I've joined meet ups, I talk with friends, or go to their places, I do lunches. None of it seems to help. Coming home to an empty condo is a killer. 

Everyone says, focus on YOU now. Well I just plain, plain hate sitting alone. 

I've been separated 9 months now. He won't cooperate or answer my lawyers letters. He wont' give me a copy of the keys to our little hobby farm. The kids don't return my texts. 

Everyone says that a person has to learn to live alone and like it before they should date. Well it's 9 months and I totally detest being alone. They also say wait until you are divorced to date, well I can't even get him to answer the letters for a legal separation.

He's still emailing me: shaming and blaming me for leaving, telling me the kids are stressed and sick and I should come back and work things out. 

I live about 6 blocks from the family home and it's beyond horrible knowing the kids are so close, yet so far.


----------



## Jellybeans (Mar 8, 2011)

I am so sorry, Indie. That sounds awful. 

Why won't your kids speak to you? Have you tried to reach out to them to tell them how you feel/what happened? Don't be a martyr and just sit back. Don't be mistreated. 

Re: your husband and the legal stuff: file paperwork through the courts compelling him to answer. A judge can make him. Are you filing for divorce? It may be best to do that if that is what the end result will be instead of going through the paperwork of separation.

As for his nasty emails to you; you do not have to respond at all unless it relates to the legalities of your separation/divorce and/or co-parenting issues. Know that.

Being alone - can feel so hard. So hard. Especially when you are used to being around people. Call up old friends, get a good support group (family/friends), go out, get a new hobby, exercise, get some sunlight, take a daytrip, do something you've always wanted to do. The lonelines can feel like an absolute hell, as can the separation/divorce. 9 months is still early in though, IMO. For some of us, it takes longer. At nine months, I was not even in the initial stages of my healing. i was still very hurt. It took me forever before I started to feel normal again. 

In time, you will start to feel better. It's not a marathon at all. Keep your head up.


----------



## KnottedStomach (Sep 19, 2013)

Sorry for what you are going through Indie.

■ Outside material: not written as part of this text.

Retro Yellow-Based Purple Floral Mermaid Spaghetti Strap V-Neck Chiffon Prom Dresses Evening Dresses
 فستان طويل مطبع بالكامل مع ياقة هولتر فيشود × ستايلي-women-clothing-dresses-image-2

Being alone is hard. Just think it will get better, with time. The healing, acceptance, etc, is different for everyone. I would say don't just do anything to keep the loneliness at bay, do things that you like, that make you happy. The rest of the time, let the pain, loneliness, happen. Feel it, accept it. The whole situation is a process though, and it takes time.

One more thing...you are not alone. Many of us here, are going through the same pain, loneliness, etc.


----------



## Openminded (Feb 21, 2013)

I love being alone. I live in a large apartment building now and have made several friends in the building that I occasionally do things with but I enjoy most of all being alone. Shutting that door and the world behind me. I read lots of books and read lots of stories on TAM and work out every day and research topics I'm interested in and email friends. 

Your life WILL be better.


----------



## Jellybeans (Mar 8, 2011)

Openminded said:


> I love being alone. I live in a large apartment building now and have made several friends in the building that I occasionally do things with but I enjoy most of all being alone. Shutting that door and the world behind me.


I hear you. I once couldn't fathom life w/o Mr. Ex Jelly and now I feel like I am getting to a point where I can't imagine sharing my space with anyone. I love that I have my bachelorette pad and it's just me. 

With time, indie will get there.


----------



## Openminded (Feb 21, 2013)

Jellybeans said:


> I hear you. I once couldn't fathom life w/o Mr. Ex Jelly and now I feel like I am getting to a point where I can't imagine sharing my space with anyone. I love that I have my bachelorette pad and it's just me.
> 
> With time, indie will get there.


Smiling. Exactly!!


----------



## Malpheous (May 3, 2013)

Your children won't speak with you? You're 6 blocks away and in separation?

How old are your kiddos?

What does the MSA or Temporary Parenting Plan say? What is your Parenting Time? 

Why aren't you enforcing it and seeing them?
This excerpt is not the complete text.